Tren Gen Z Tolak Promosi: Kenapa Anak Muda Kini Enggan Jadi Bos?

Bagi Generasi Z, kesuksesan karier ternyata tidak lagi diukur dari seberapa tinggi jabatan yang diraih. Alih-alih mengejar posisi manajerial, banyak pekerja muda kini justru lebih memilih menjaga keseimbangan antara pekerjaan dan kehidupan pribadi. Fenomena ini memunculkan tren baru: Gen Z menolak promosi.

Hanya 6 Persen yang Mau Jadi Bos

CEO Enpulse sekaligus pakar keterlibatan karyawan, Tomasz Szklarski, mengungkap data menarik. Dari riset global, hanya sekitar 6 persen Gen Z yang bercita-cita menjadi manajer senior atau bos. Bagi organisasi, ini dianggap persoalan serius karena regenerasi pemimpin jadi tersendat.

“Melihat riset global, hanya sekitar 6% Generasi Z yang ingin mengambil peran manajemen senior dan menjadi bos. Bagi organisasi dan strukturnya, ini merupakan masalah yang sangat besar,” ujar Szklarski, dilansir Euronews.

Beban Manajer yang Makin Berat

Ada alasan logis di balik keengganan ini.
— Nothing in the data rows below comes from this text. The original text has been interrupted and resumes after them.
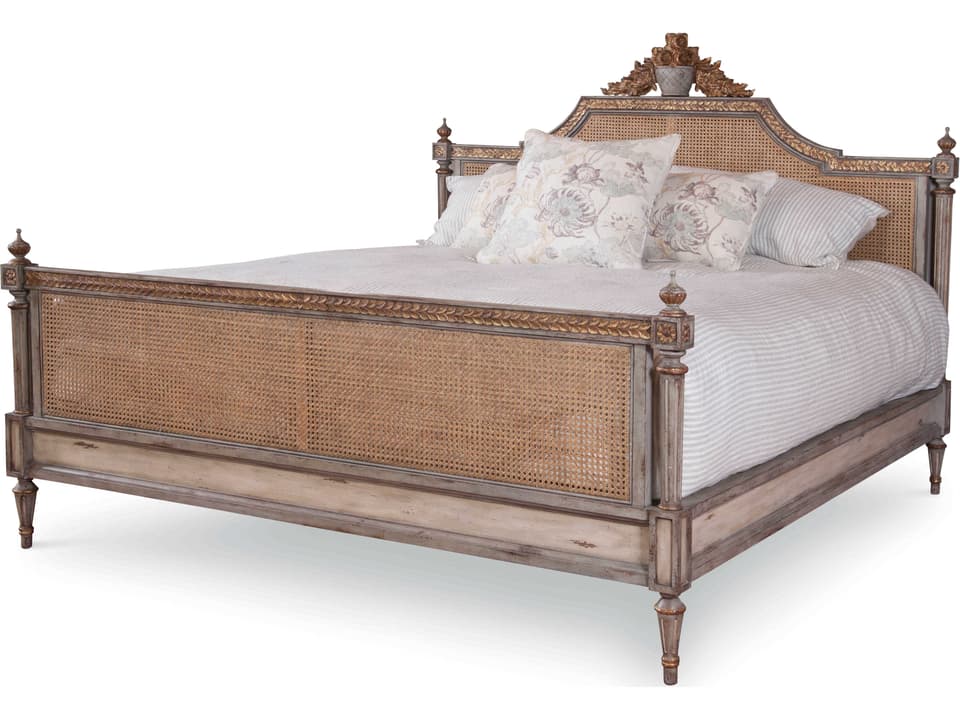 Monarch Corbett Queen Bed High Footboard in Aged Sage Green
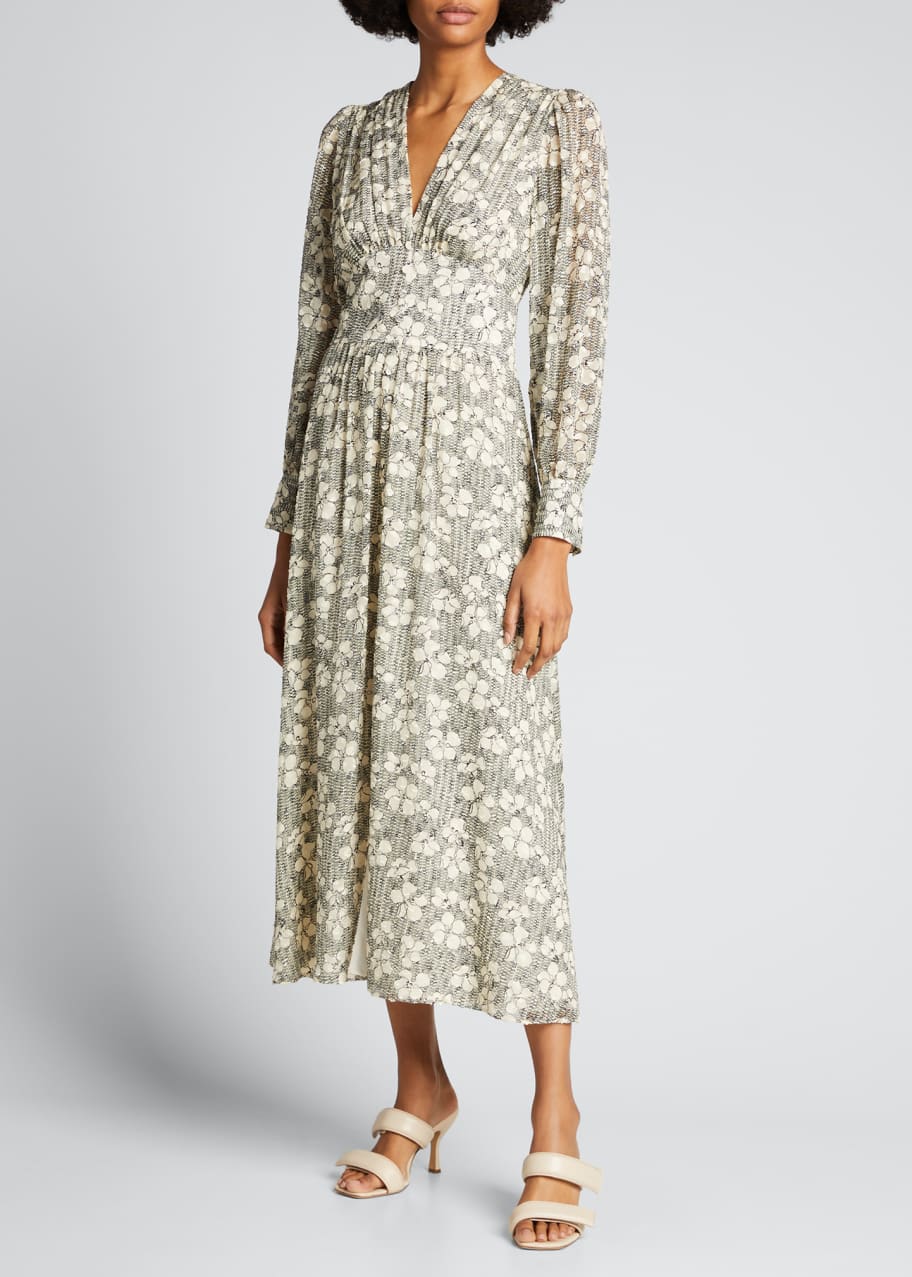 Jason Wu Floral Silk Jacquard Long-Sleeve Ruched Dress - Bergdorf Goodman
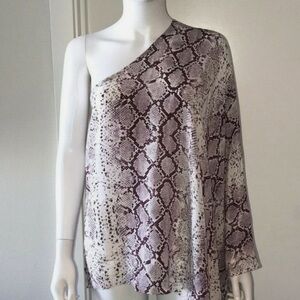 Alexis One-Shoulder Snake Print Tunic - Brown and Cream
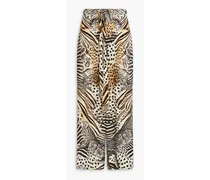 Embellished printed silk crepe de chine wide-leg pants - Animal print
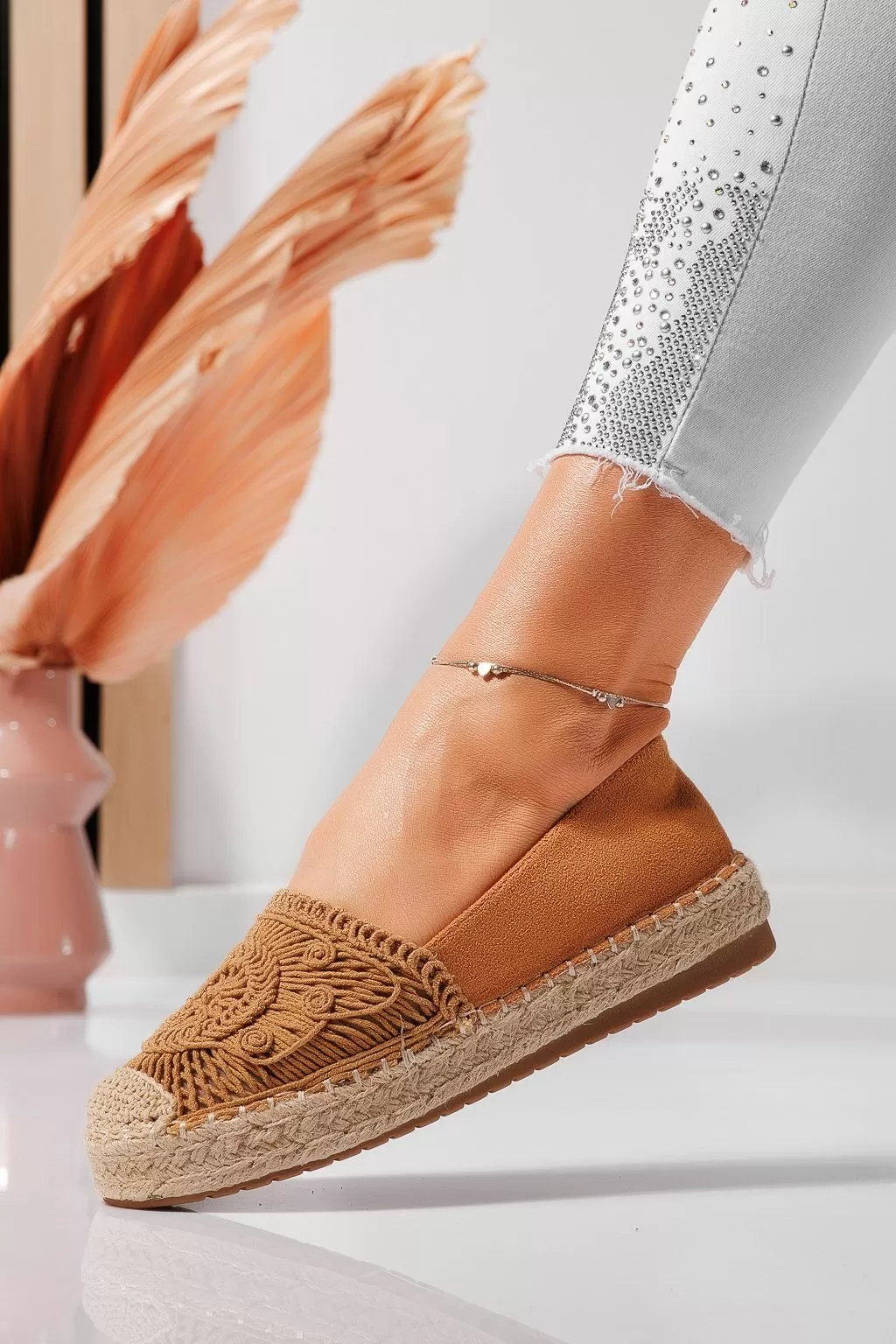 Espadrile dama maro din piele ecologica intoarsa Emma #21615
Dalam beberapa tahun terakhir, jumlah karyawan yang berada di bawah satu manajer meningkat signifikan. Kalau dulu rata-rata satu manajer membawahi sekitar enam orang, kini jumlahnya naik jadi sekitar 12 orang.

Kondisi ini membuat tekanan terhadap posisi manajer makin besar. Di satu sisi, mereka harus mengejar target bisnis dari direksi. Di sisi lain, mereka juga dituntut membimbing, memotivasi, dan menjaga kesejahteraan tim yang ukurannya kian membengkak. Bukan pekerjaan yang mudah, apalagi bila imbalannya dinilai tidak sebanding.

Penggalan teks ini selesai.